While President Obama championed stricter gun control laws in a CNN-hosted town hall in Virginia Thursday night, Donald Trump was in Vermont criticizing gun-free zones throughout the country. "You know what a gun-free zone is to a sicko?" Trump asked at his campaign rally. "That's bait." The GOP front-runner has continuously advocated for upholding the Second Amendment right to bear arms, but his stance on gun-free zones shows just how far Trump's willing to go on the gun issue.
Not only do some military bases have gun-free areas, but schools across the country are also considered gun-free zones, meaning no one can carry a firearm of any kind on campus. Trump promised to eliminate all such restrictions as soon as he becomes president. "I will get rid of gun-free zones on schools, and — you have to — and on military bases," he said Thursday. "My first day, it gets signed, okay? My first day.
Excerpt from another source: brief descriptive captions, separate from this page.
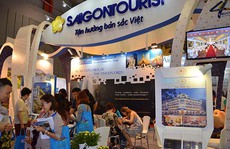 Hội chợ Du lịch Quốc tế TP HCM 2016: Nhiều ưu đãi và quà tặng hấp dẫn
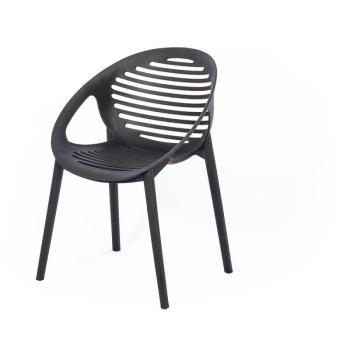 Joanna fekete kerti szék - Bonami Essentials kép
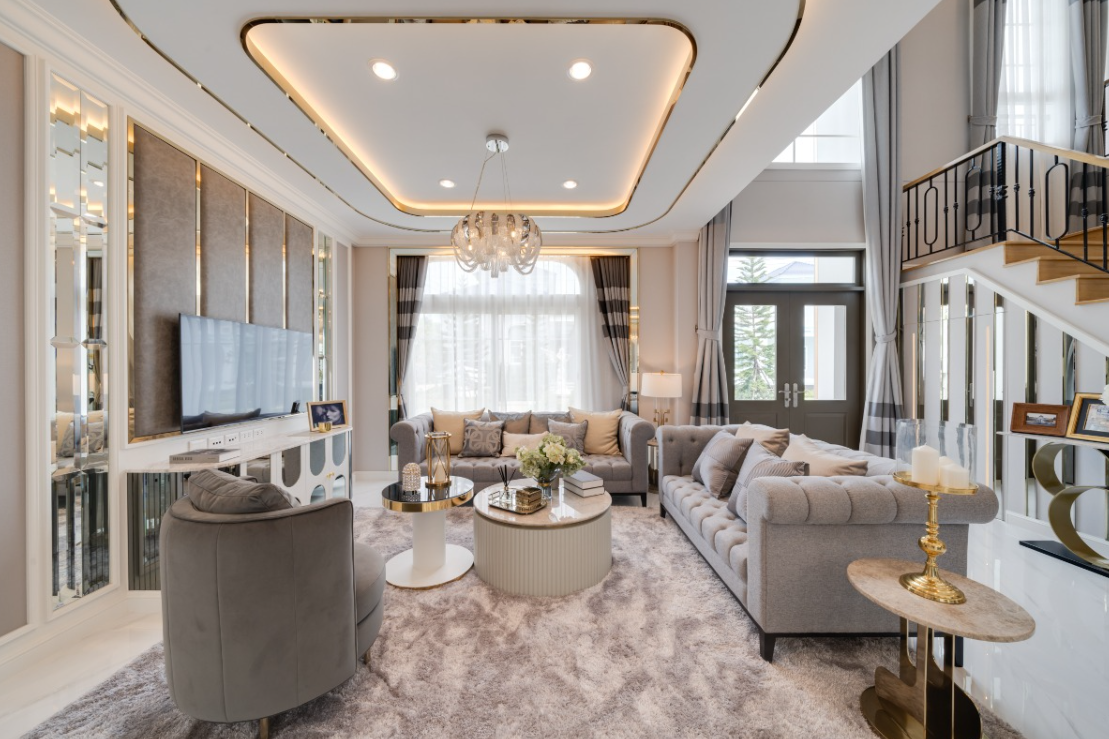 รูปภาพ แกรนดิโอ 2 วิภาวดี-รังสิต (Grandio 2 Vibhavadi - Rangsit)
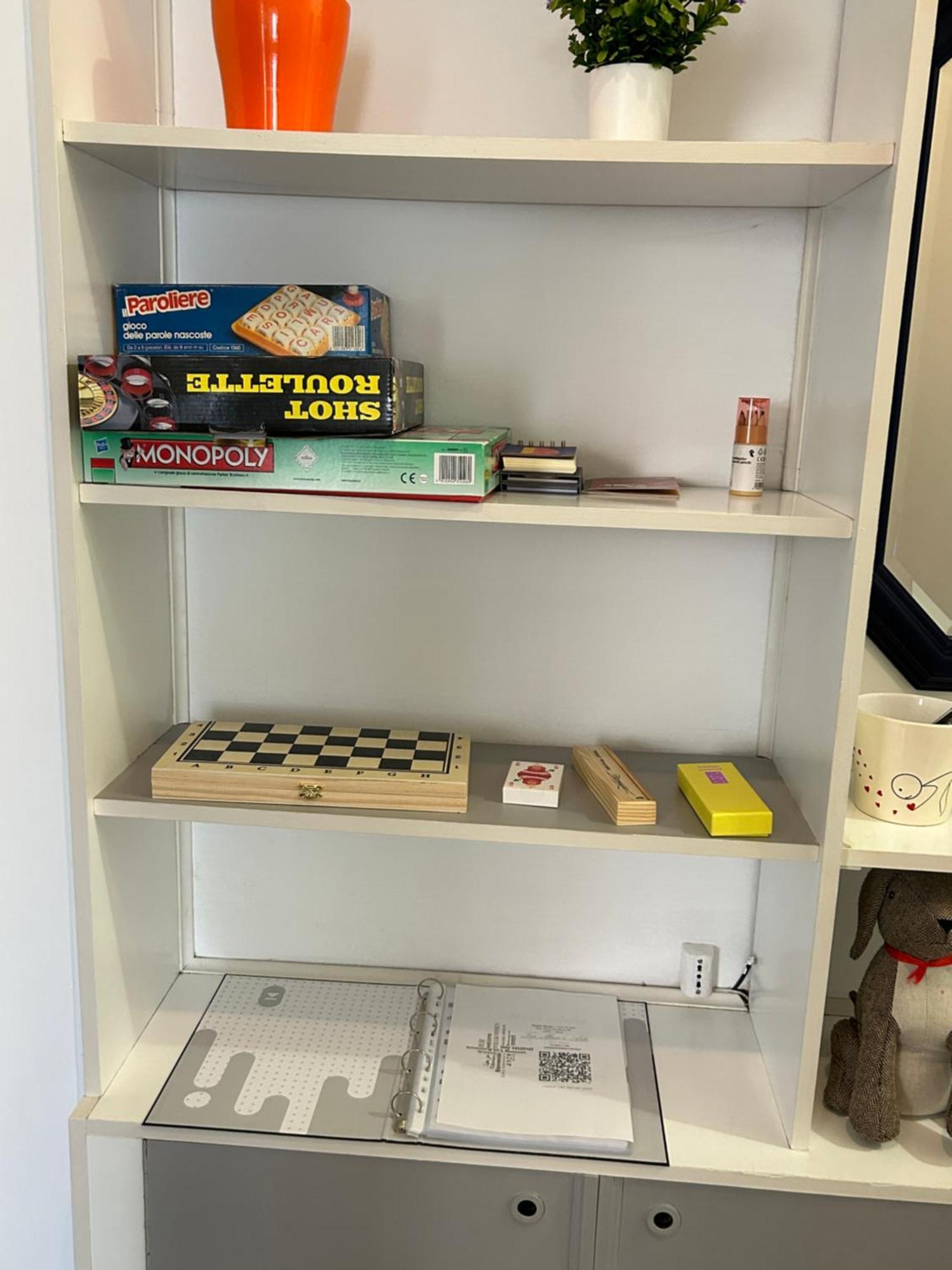 Tra Mare E Arte Appartement Ostia Buitenkant foto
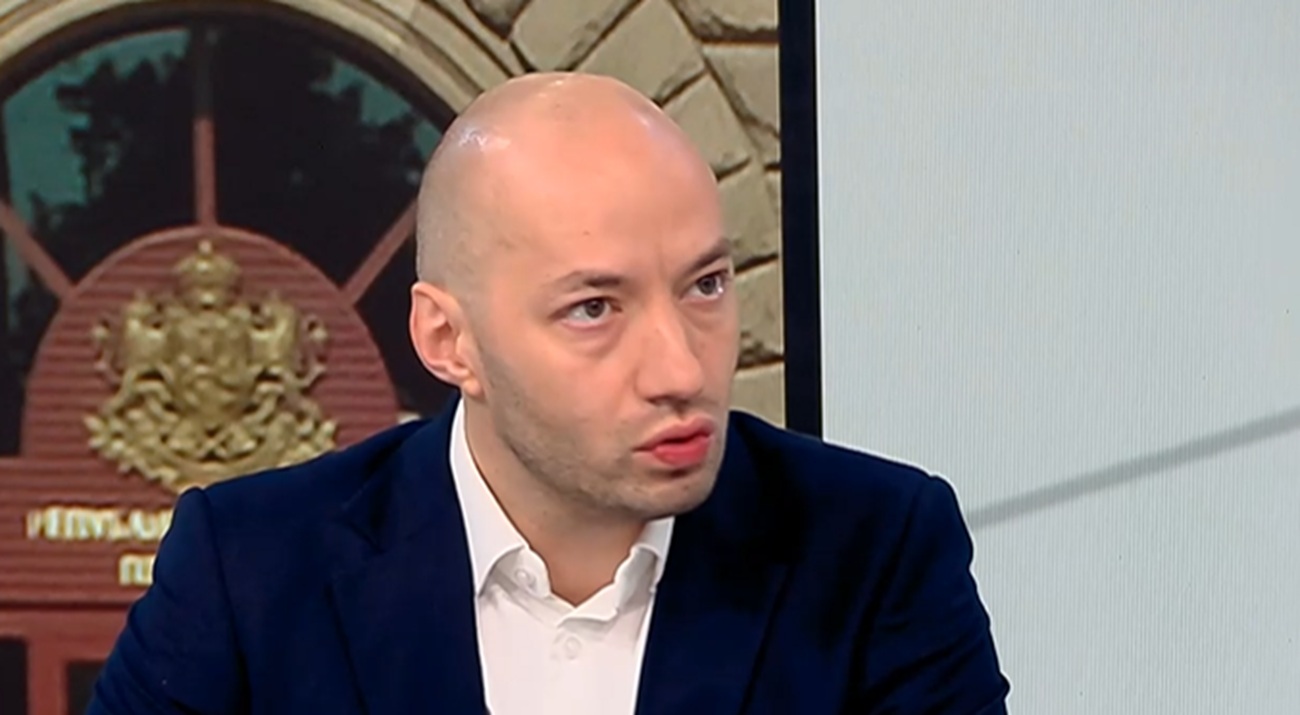 Интригата се заплита! „Тренд“: Балотаж на президентските избори, разликата се скъсява (ВИДЕО)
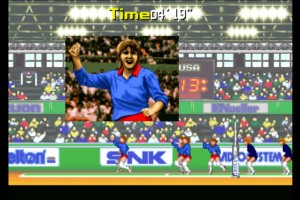 Power Spikes II Screenshot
There's no more gun-free zones." Trump has called for an end to gun-free zones since entering the presidential race, saying in July: "We have to get rid of that whole gun-free zone nonsense and just stop it. We gotta stick up for the Second Amendment."
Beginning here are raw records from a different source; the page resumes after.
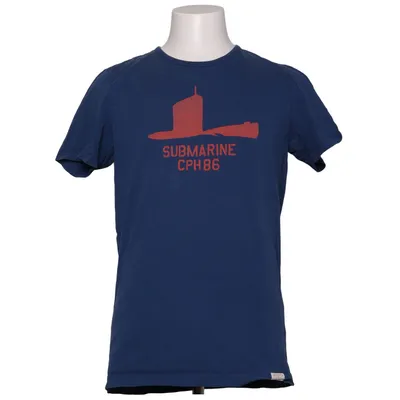 T-shirt (Sameer) from Cottonfield Organic cotton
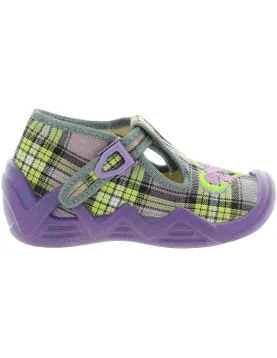 Moreen Purple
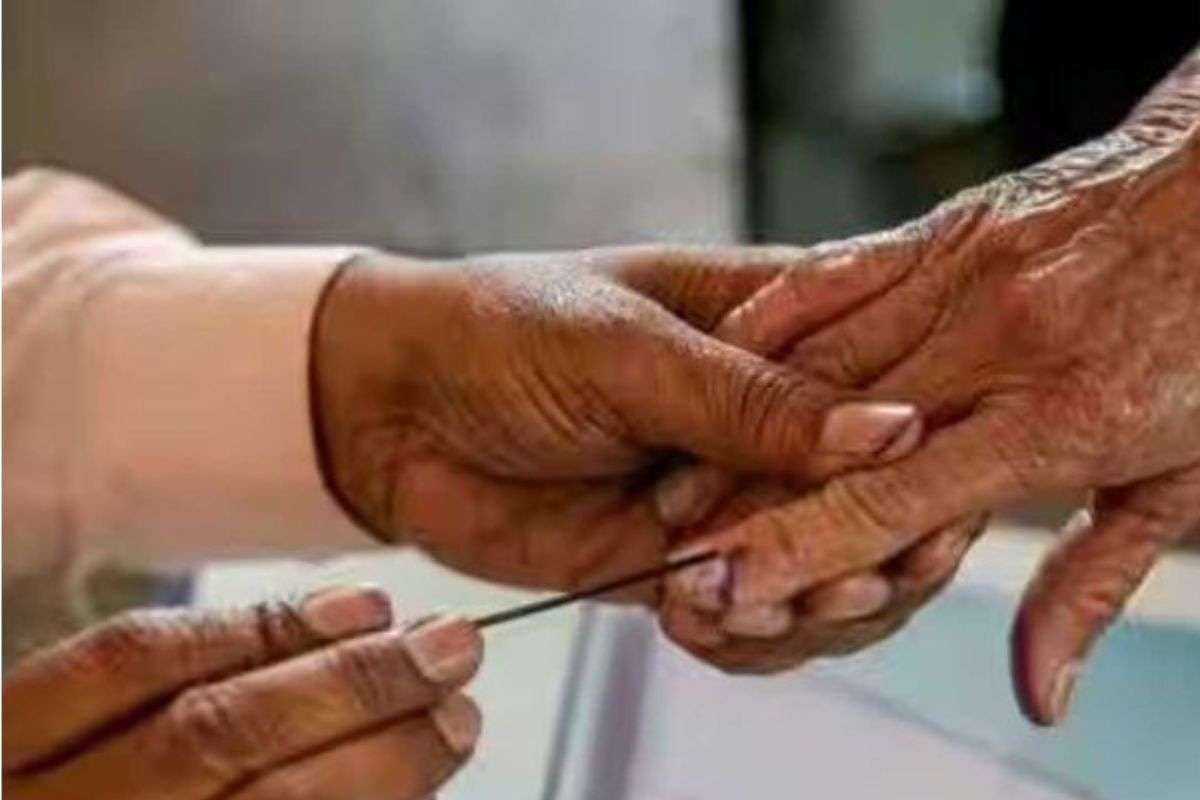 Delhi MCD By Election: 30 नवंबर को एमसीडी के 12 वार्ड पर उपचुनाव, 3 दिसंबर को आएंगे नतीजे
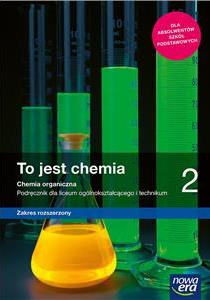 TO JEST CHEMIA 2. CHEMIA ORGANICZNA. PODRĘ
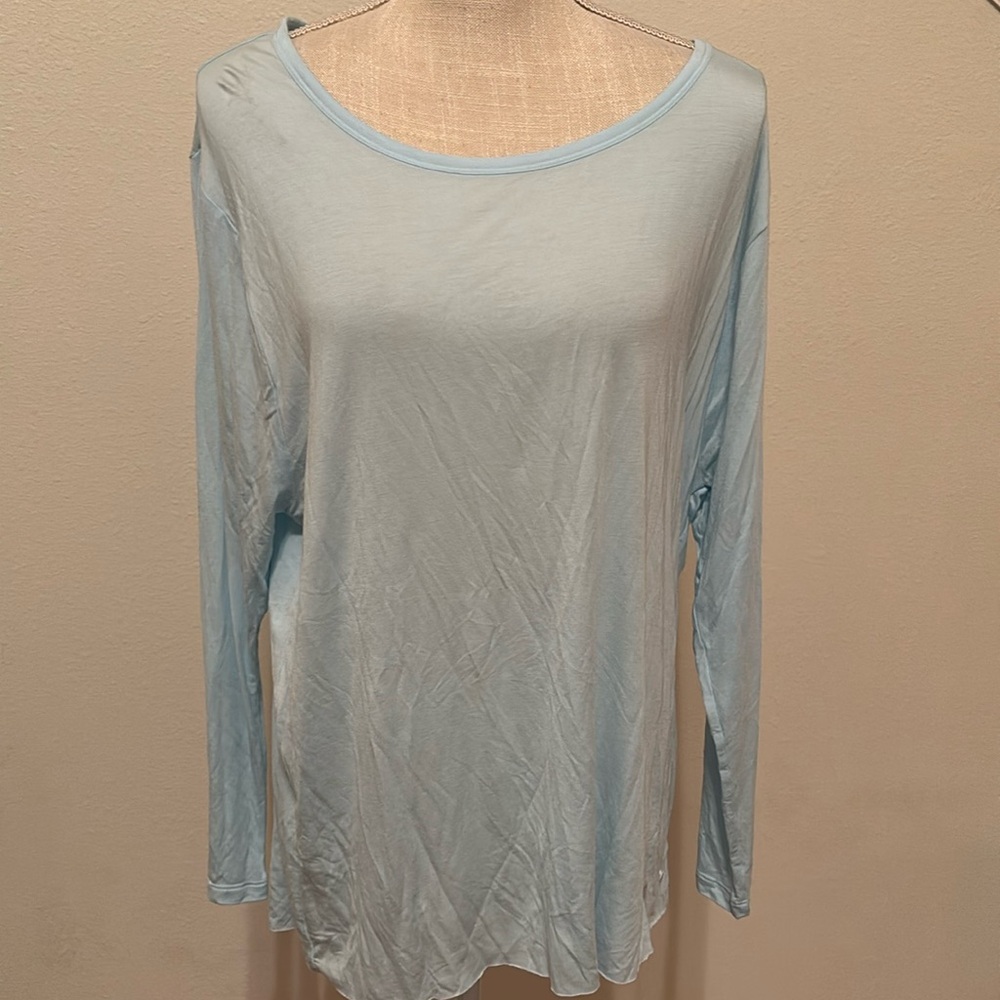 PINK thin top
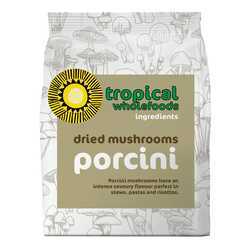 TW Mushrooms Porcini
Following the Paris attacks and San Bernardino shooting, Trump even claimed that the massacres could have been prevented if the victims had guns. He told CBS News: "If you look at Paris, they didn't have guns, and they were slaughtered. If you look at what happened in California, they didn't have guns, and they were slaughtered... They could've protected themselves if they had guns."
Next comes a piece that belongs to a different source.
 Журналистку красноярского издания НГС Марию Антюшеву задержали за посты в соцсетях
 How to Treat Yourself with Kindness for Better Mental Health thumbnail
Ironically — or perhaps hypocritically — guns are banned at the Trump National Golf Club in Los Angeles and the Trump International Hotel Waikiki Beach Walk in Honolulu, according to Think Progress.
Gun-free school zones were first enacted by the 1990 Gun-Free School Zones Act, which prohibited anyone from knowingly possessing a firearm in a school zone. The Supreme Court found the law unconstitutional, and a new version was adopted in 1996 clarifying that the gun "has moved in or otherwise affects interstate commerce" in order to quantify a federal offense. A similar 1994 law, the Gun-Free Schools Act, requires states that receive federal funding for education to introduce zero-tolerance laws for students who bring guns to school. Some states have an exception for people with concealed carry permits, but these federal laws generally make schools completely free of firearms.
Though Trump claims he'll get rid of gun-free school zones on his first day in the Oval Office, that's not possible. A law that's already been approved by Congress and signed into law can't be signed away by a new president — that's just not how the federal government works. Either Trump doesn't realize the authoritative limitations of the presidency, or he doesn't know these laws exist.
Regardless, Trump's stance that students, teachers, and administrators should be allowed to have guns at school is a clear indication of how far he'll go to defend the Second Amendment. Whether the answer to America's current gun violence problem is more guns or stricter regulations for buying weapons is already a heated topic in the 2016 election, and Trump intends to go all the way to the right. Not only is he defending the GOP's general ideology that Americans need guns to protect themselves, he's also asserting that there should be guns in schools. In stark opposition to Democrats, Trump will defend guns in every scenario.